The first input data and the second input data may be generated from the same part or from different parts of the sensor data. It is also possible that both input data are generated from the complete sensor data.
This means that first multiple artificial neural networks are trained to assign calls to cars of an elevator a method described above then the trained networks are used for controlling an elevator with at least two cars. This results in a computer-implemented method for training multiple artificial neural networks to assign calls to cars of an elevator and for controlling an elevator, wherein the elevator comprises a first car and a second car arranged to be movable along different vertical axes between different floors of a building and a sensor system adapted to provide sensor data indicative of a current state of the elevator. For training of multiple artificial neural networks the method comprises the steps:
(1) simulating, in a series of simulation steps, an environment in which at least a first car and a second car of the elevator move along different vertical axes between different floors of a building in reaction to calls indicating desired floors of the building, wherein each simulation step comprises: (1.1) determining a current state of the environment, the current state including a current position of each car with respect to the floors, a list of current calls assigned to the cars and a new call to be assigned to one of the cars; (1.2) inputting first input data encoding at least a part of the current state into a first artificial neural network configured to convert the first input data into a first output value indicating a probability and/or tendency for the first car to be assigned to the new call; (1.3) inputting second input data encoding at least a part of the current state into a second artificial neural network configured to convert the second input data into a second output value indicating a probability and/or tendency for the second car to be assigned to the new call; (1.4) determining one of the cars as a selected car using the first output value and the second output value; (1.5) updating the environment by assigning the new call to the selected car, wherein a first reward value and a second reward value are determined, wherein each reward value quantifies a usefulness of the assignment; (2) training the first artificial neural network using training data including the first reward values from past simulation steps and training the second artificial neural network using training data including the second reward values from past simulation steps to increase the usefulness of assignments performed at future simulation steps; (2.1) increasing or decreasing the first reward value if the new call is assigned to the first car as the selected car (2.1); (2.2) additionally or alternatively, increasing or decreasing the second reward value if the new call is assigned to the second car as the selected car (2.2).

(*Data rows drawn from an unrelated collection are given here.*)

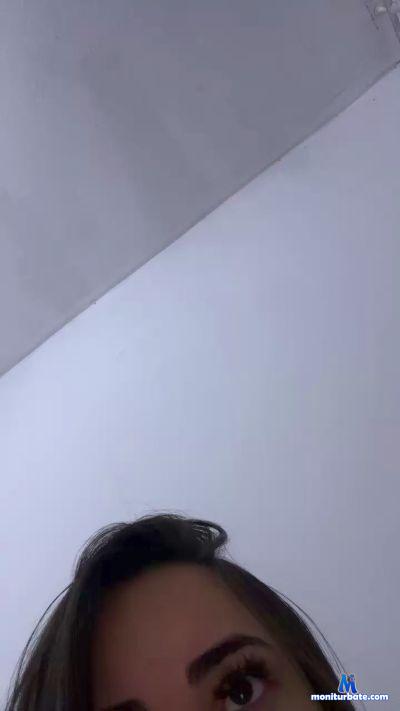 carol463 cam4 unknown performer from Federative Republic of Brazil  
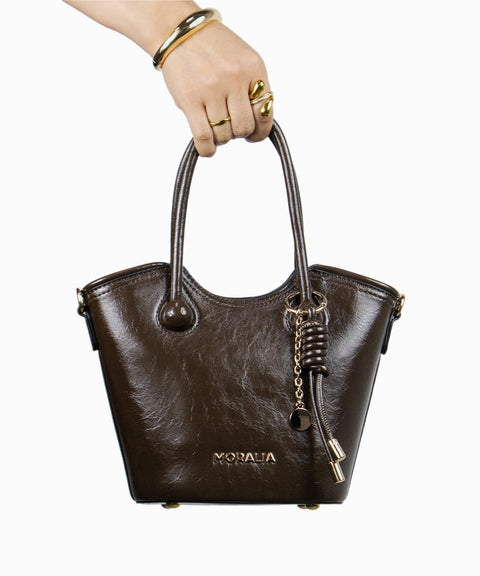 BOLSA MORALIA XIMENA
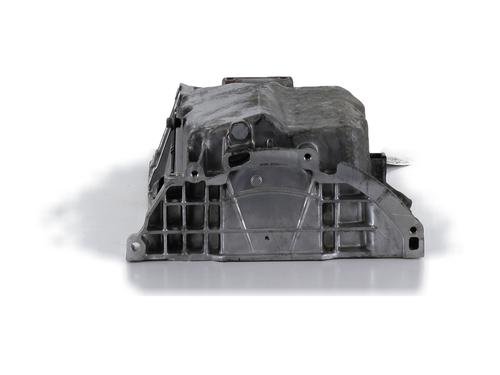 Oliebundkar MINI MINI COUNTRYMAN (R60) Cooper SD | BP29874127M115 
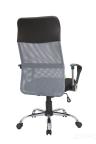 Операторское кресло Riva Chair 8074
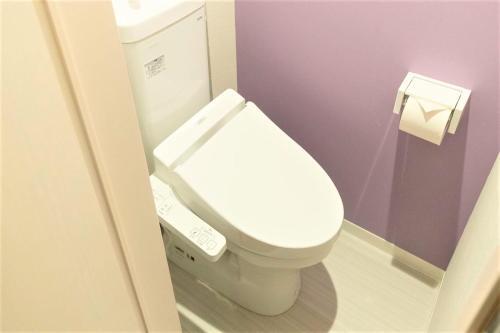 Apartamento Trip Pod Omiya (yakuin)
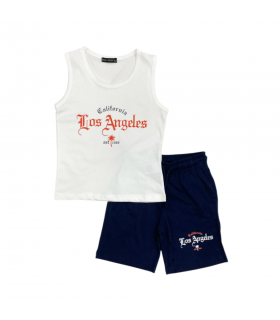completo boy jersey 4/12 12 anni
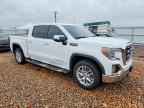 2019 GMC Sierra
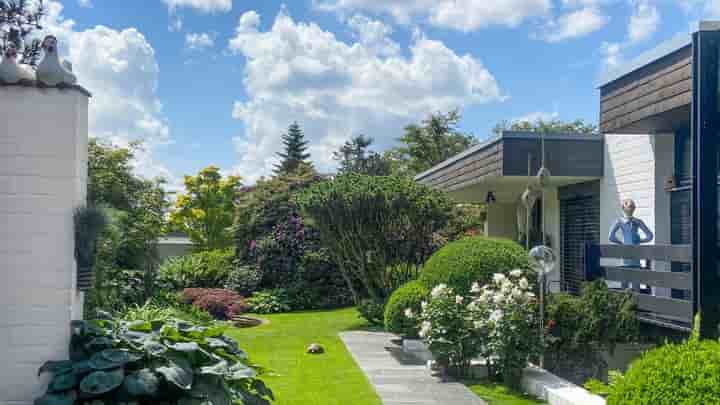 House for sale in 40699 Erkrath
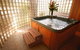 The Belmore All-Suite Hotel - thumb 2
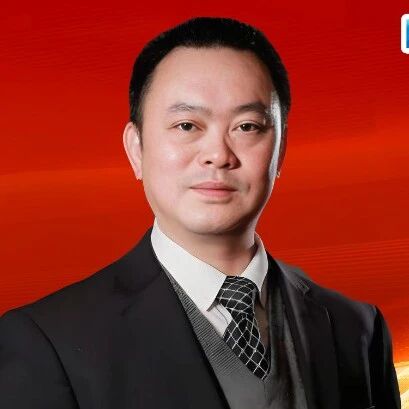 盘点 | 2025年度糖尿病足诊疗进展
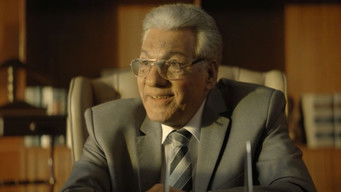 Episode 4 — Episode 4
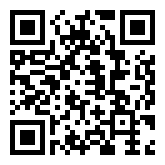 http://www.wlinfor.com/post/12359.html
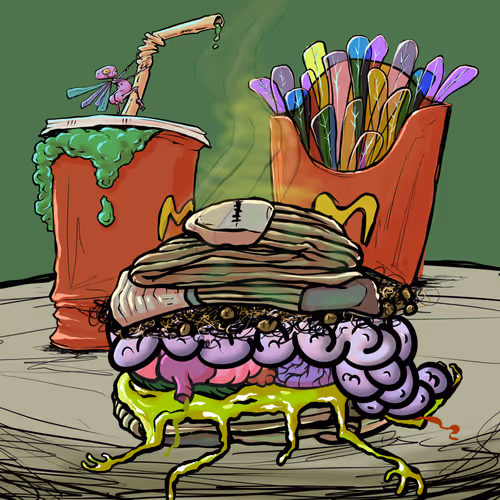 Mcgoblinwtf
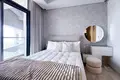 Квартира 3 комнаты 76 м² в Дубае, ОАЭ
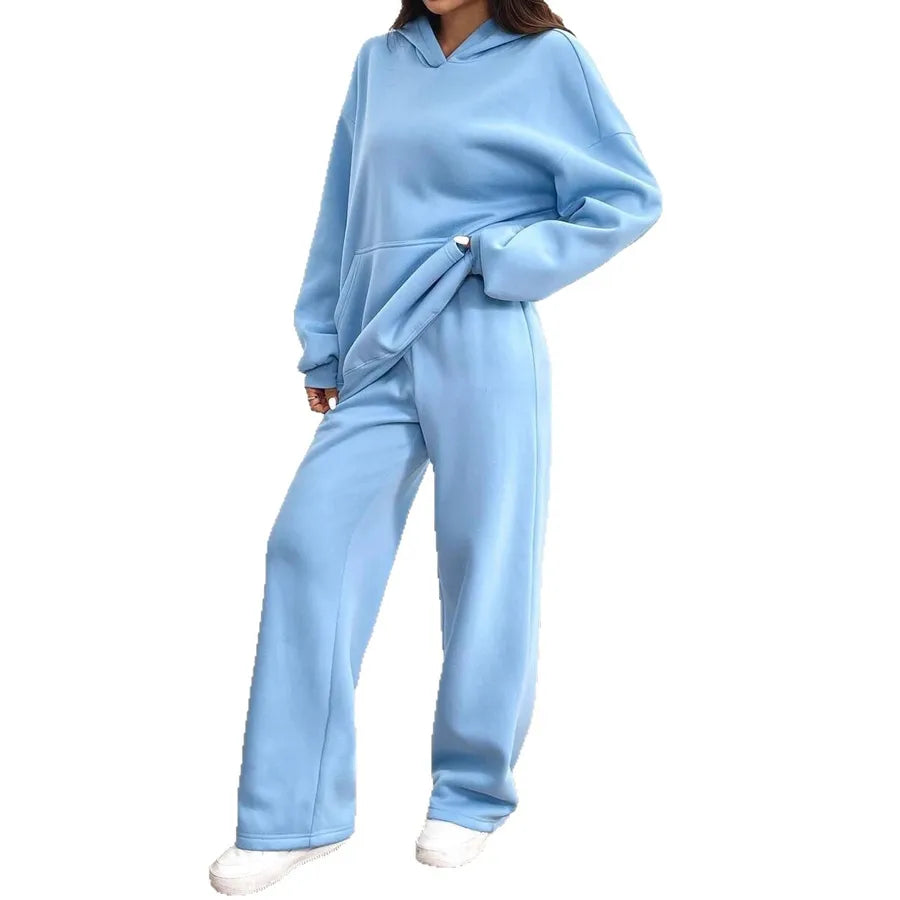 product/2025/9/16/1967854507928981504.jpg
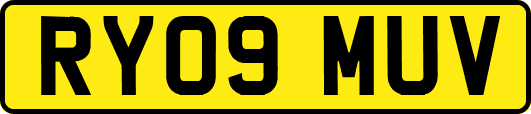 RY09MUV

For controlling an elevator the method comprises the steps: (3) receiving the sensor data, wherein the sensor data includes a current position of each car with respect to the floors, a list of current calls assigned to the cars and a new call to be assigned to one of the cars, wherein each call indicates a desired floor of the building; (4) inputting first input data generated from at least a part of the sensor data into a first artificial neural network configured to convert the first input data into a first output value indicating a probability and/or tendency for the first car to be assigned to the new call, wherein the first artificial neural network has been trained with the method described above and below; (4) inputting second input data generated from at least a part of the sensor data into a second artificial neural network configured to convert the second input data into a second output value indicating a probability and/or tendency for the second car to be assigned to the new call, wherein the second artificial neural network has been trained with the method described above; (5) determining one of the cars as a selected car using the first output value and the second output value; (6) assigning the new call to the selected car.
The methods described above and below may be carried out automatically by a processor; especially a processor of an elevator controller.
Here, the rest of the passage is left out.